Although he tried to hide the new customs he adopted, his fellow students noticed the change taking place within him.
"The arguments with them summed up to one sentence: 'Decide who you are. Decide, because we can see you're not Christian.'"
No complaints against Christians
Feldstein was born to a Jewish mother in Ukraine in 1974. When he was 21 he decided to immigrate to Israel on his own and join the IDF.
"I was a lone soldier, and I remained lonely afterwards. I was always in a spiritual search because I failed to connect to the country, to the society, to the language."
Christianity, he says, served as a refuge from the alienation and loneliness. He began visiting churches and befriending priests and nuns. In 2005 he was baptized in the tradition of the Latin Church in Jaffa, and two years later he decided to leave Israel.
"Nothing interested me anymore. I found no solidarity with the country or with what was happening in it," he says.
Feldstein began devoting his life to priesthood studies at the Munich church, but the distance raised internal questions of identity. "The fact that I moved there, that I was suddenly disconnected from Israel, changed my perspective," he notes.
Feldstein baptized in Jaffa (Photo: Orot)
Feldstein was unsatisfied with the Christian interpretation of the Old Testament, and he began showing an interest in the Jewish Midrash.

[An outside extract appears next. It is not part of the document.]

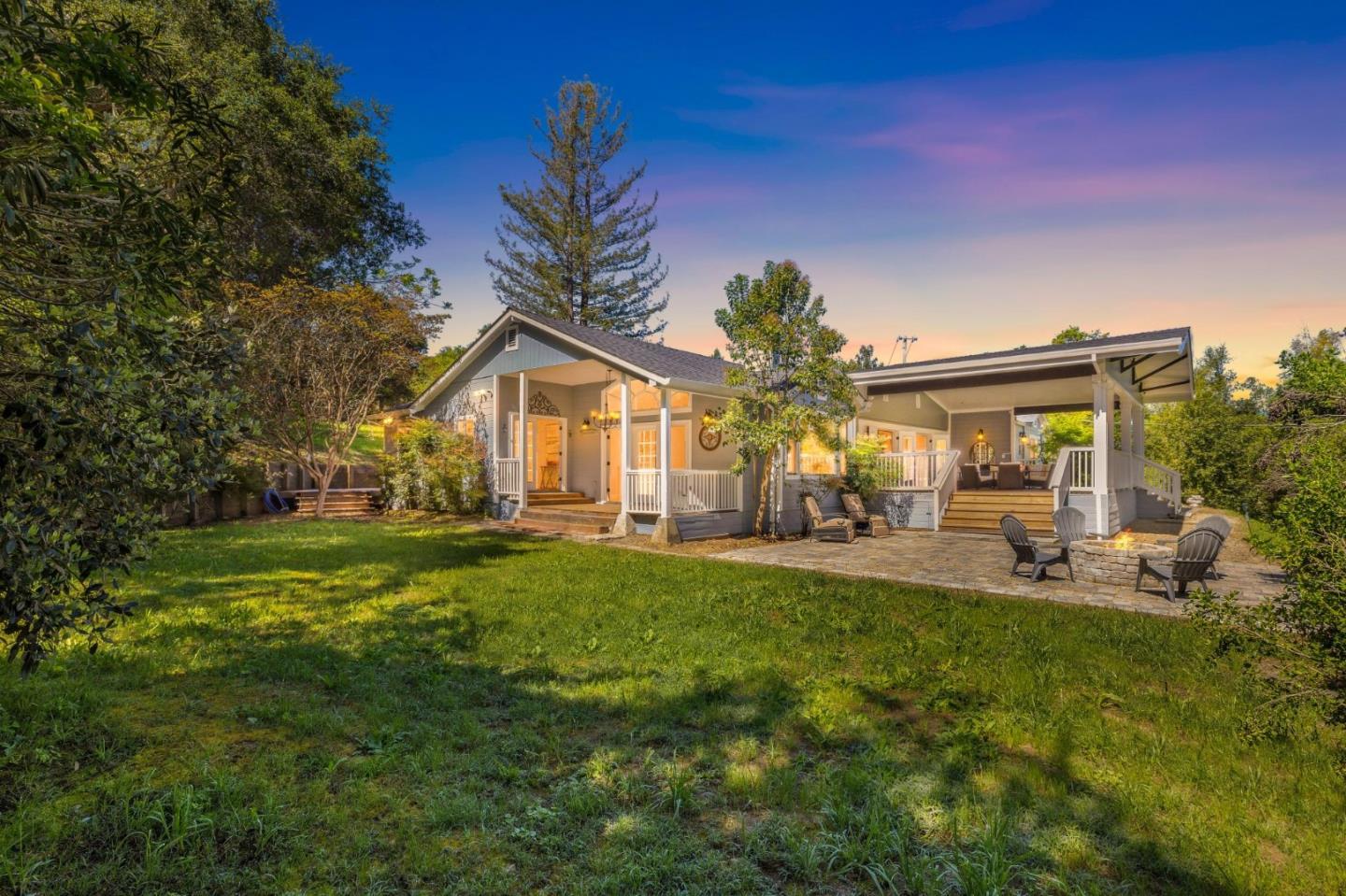 a front view of house with yard and outdoor seating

"I found the website of Machon Meir and began watching lessons there and integrating them into my seminar papers. My teachers perceived it as extremely profound ideas and said it was a great wonder, what a study and what an innovation. So I said, wait a minute, I've always had it – so what am I doing here anyway?"
From the moment he was required to decide who he was and what his religion was, everything happened quickly.
"The moment I decided to leave it was a huge wonder, a real miracle. They collected money and bought me a ticket back to Israel."
Today Feldstein studies at Machon Meir and is certain that he has ended his travails. "I have no complaints against the Christians; I only have complaints against myself," he says. "A Jew will always remain a Jew. There's nothing one can do about it."